Further down are entries; set down exactly and only the lines from the one with "The 4 plus pitting" up to and including the one with "To begin, you'll", dropping each picture.

▶ _Data_:
☆ ☆ ☆ ☆ ☆ ☆ ☆
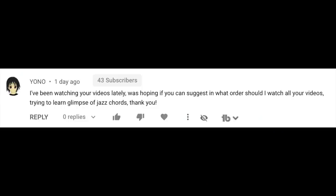Someone says they've been watching my videos lately and asks in what order to watch them to learn jazz chords. The problem with YouTube is I never made these videos with any order in mind — they're all just concepts, sometimes beginner, sometimes intermediate, sometimes advanced. That's exactly why I made the Patreon, where I retaught everything from the ground up. There are about 100 lessons on there and it's super cheap — like $12 a month.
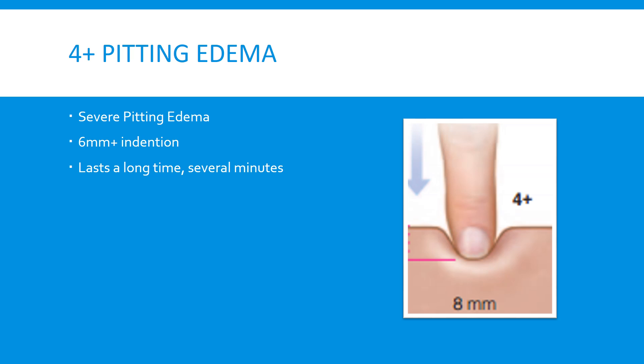The 4 plus pitting edema is severe pitting edema. It is 6 millimeters indentation or more, and it lasts a severe amount of time. It is obvious when somebody has 4 plus pitting edema in whatever extremity the edema is present. The texture is almost like Play-Doh, where you can mold and shape their extremities because the pitting lasts for so long. The 4 plus is the highest and final stage of the pitting edema scale.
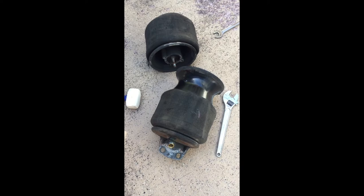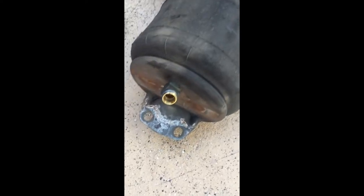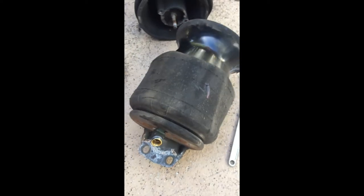Here we have both the old airbags out. You have to take the fitting off of the air hose, and then put it on the stud on the new bag.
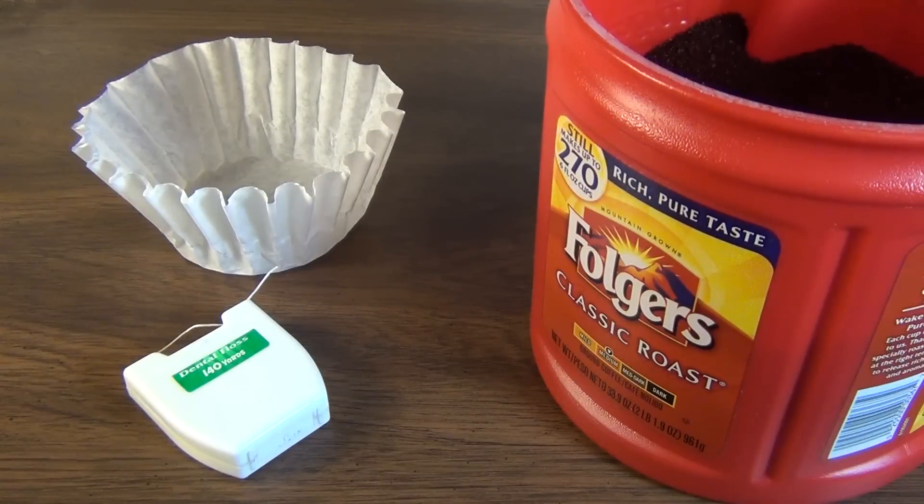To begin, you'll need a coffee filter, some dental floss, and of course, your personal favorite brand of coffee.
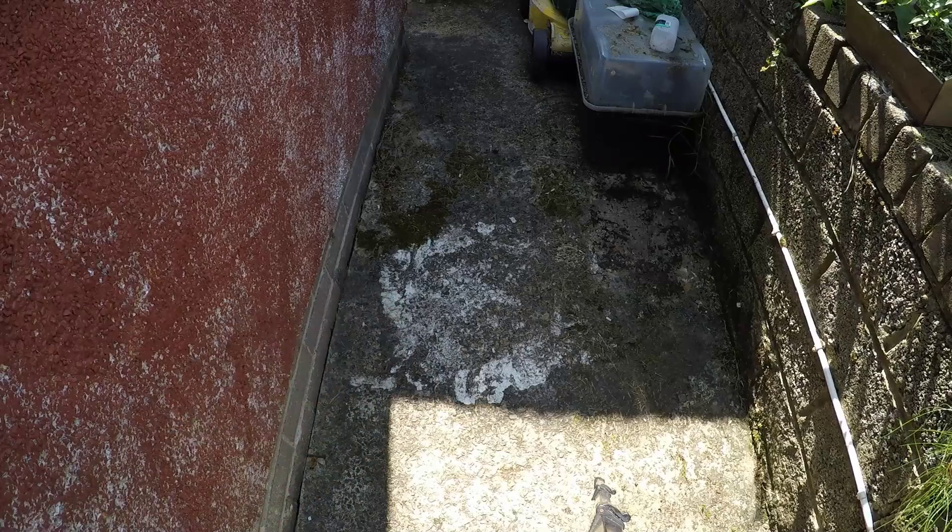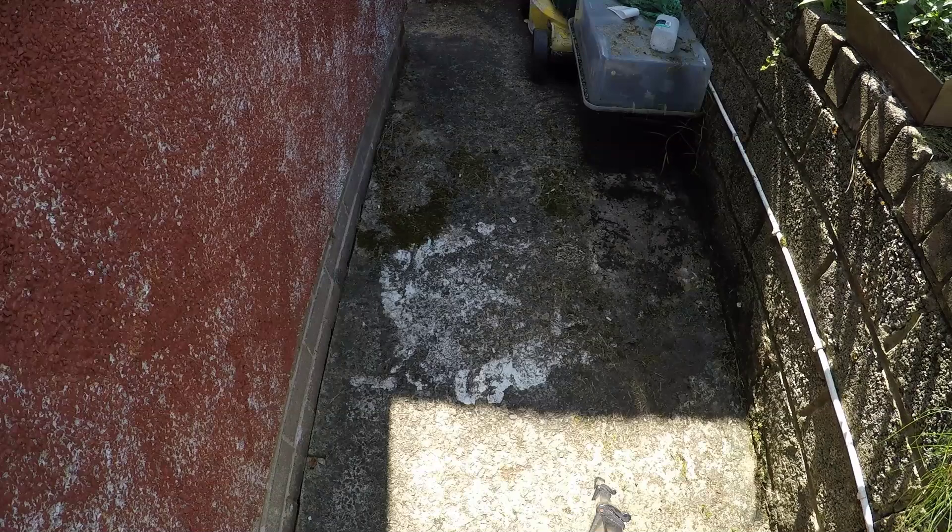That's the area I want to test it on. Like I said, I've jet washed this a couple of times. It doesn't really bring it up that good, so I'm going to use this wire brush attachment and see what happens. I'll get set up and I think I'll put it on a time lapse because it's going to be very loud.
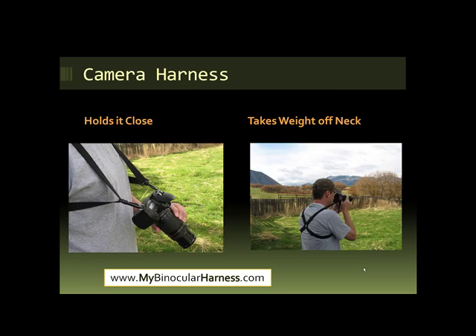One option you should probably consider is a camera harness. There are a lot of pluses to the harness. If you look at the picture on the left, you can see it holds the camera close to your chest, so it protects your camera — that's a really big deal if you have a nice camera. You'll want to make sure it's not swinging around, and that's something this harness does. It also has easy detachable hooks that let you quickly detach your camera from the harness if you want to take it off quickly or replace it with a set of binoculars.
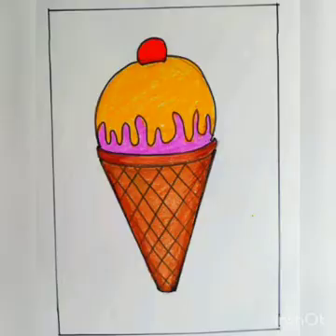Hi students, I am Kailas Patil, your art teacher. Today we are going to learn how to draw ice cream. So let's start.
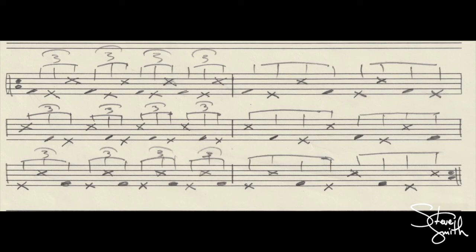And the fourth measure, I go back to the swing eighth notes. The fifth measure, I'm back to triplets, and now the hi-hat is on the downbeats. And the sixth and final measure of the sequence, I'm back to the swing eighth notes.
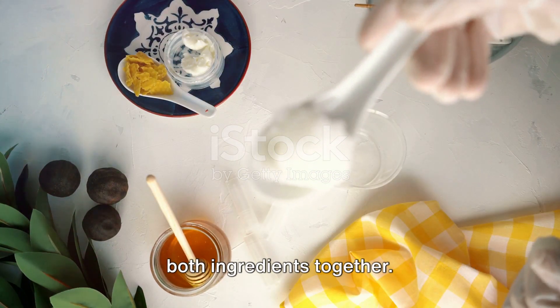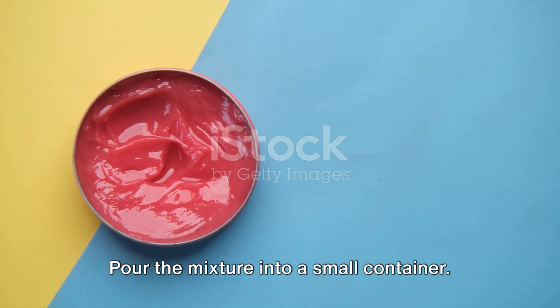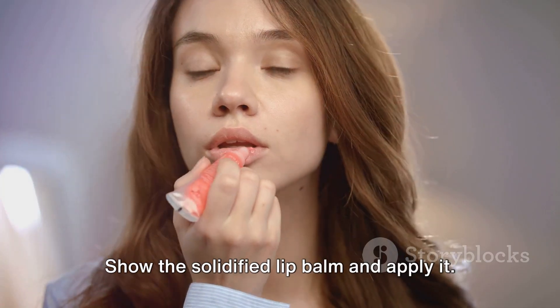Melt a small amount of both ingredients together, then pour the mixture into a small container. Show the solidified lip balm and apply it.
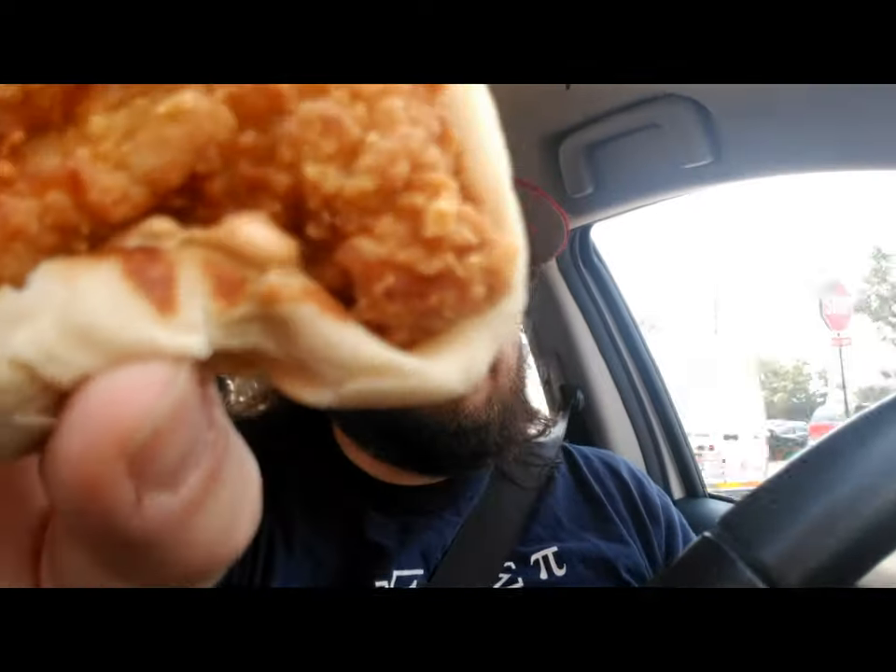So you see — flatbread, chicken, some kind of sauce. Maybe no cheese at all. Maybe the cheese is on the bottom. We'll find out as we eat it.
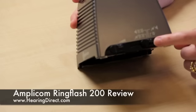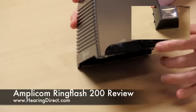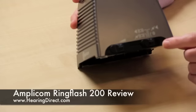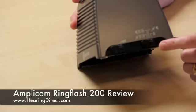The RingFlash 200 has a very bright flashing light — it's an incredibly bright white light. It also has the facility of being connected to a shaker unit, which needs to be purchased as an optional accessory. That can also be plugged into the RingFlash and alert you via vibrations that either the telephone is ringing or the doorbell is ringing.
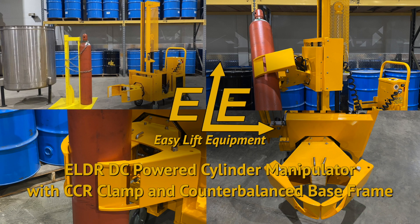We offer a 30-day trial toward purchase program for first-time buyers at 15% of the purchase price. For more information on our products or to discuss the specifics of your cylinder handling project, please contact us today.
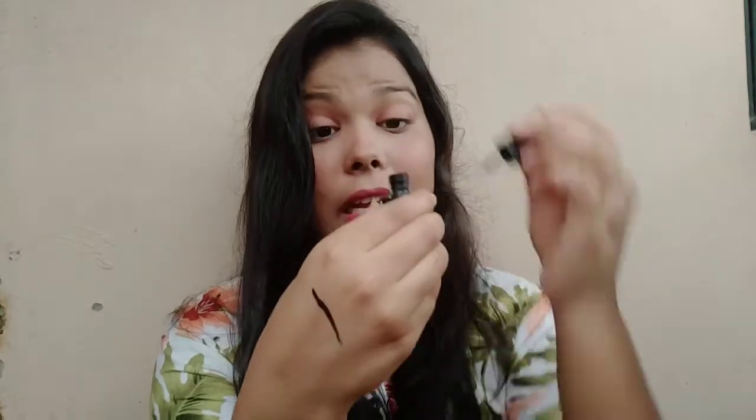Next is this NY Bay eyeliner. The quantity is 6 ml and the price is around 57 to 60 rupees. The quality is awesome — it's jet black and the pigmentation is really amazing. Just one swipe and you're getting that pigmentation, as you can see. The applicator is also very nice.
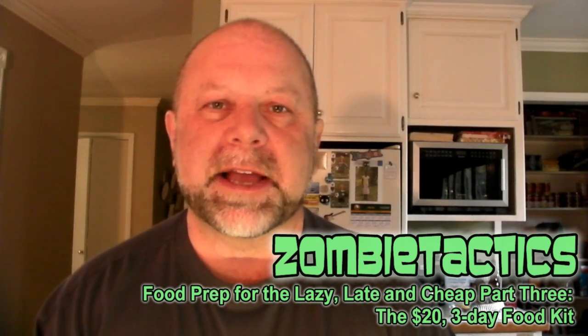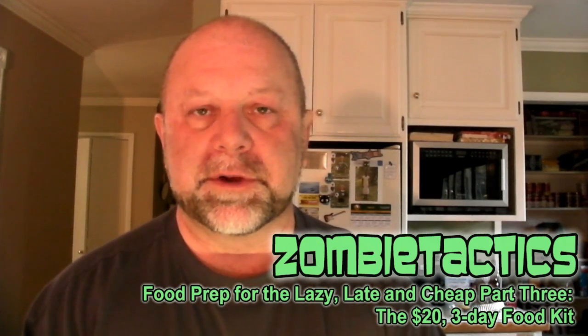Hey, welcome once again to Zombie Tactics. Today I'm in the kitchen for the third installment of the food prep for the lazy, late and cheap series — today introducing the 72-hour, or three-day, twenty dollar survival food kit.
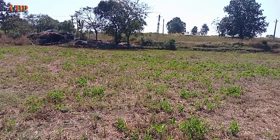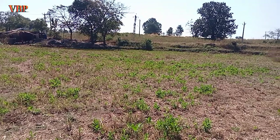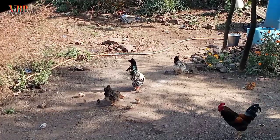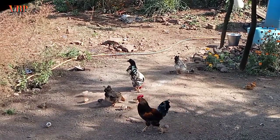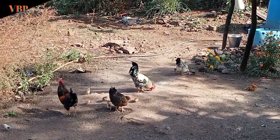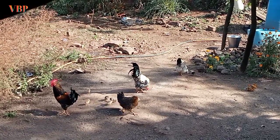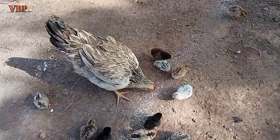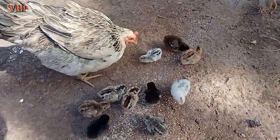पिछले साल का फीड अभी भी थोड़ा बहुत बचा हुआ है। इस तरह से पूरे साल का नहीं, बस 50-50 मानके आधा खर्चा कम कर देता हूँ। जिनके पास कम जमीन है उन्हें निराश होने की जरूरत नहीं है — छोटी सी जगह में भी मुर्गी पालन से लोग अच्छा-खासा पैसा कमाते हैं। फीड कटिंग के और रास्तों के लिए वीडियो के अंत में दूसरी वीडियो आएगी, वो भी जरूर देखें।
☆ ☆ ☆ ☆ ☆ ☆ ☆
▶ _Solution for this exercise_:
The 4 plus pitting edema is severe pitting edema. It is 6 millimeters indentation or more, and it lasts a severe amount of time. It is obvious when somebody has 4 plus pitting edema in whatever extremity the edema is present. The texture is almost like Play-Doh, where you can mold and shape their extremities because the pitting lasts for so long. The 4 plus is the highest and final stage of the pitting edema scale.
Here we have both the old airbags out. You have to take the fitting off of the air hose, and then put it on the stud on the new bag.
To begin, you'll need a coffee filter, some dental floss, and of course, your personal favorite brand of coffee.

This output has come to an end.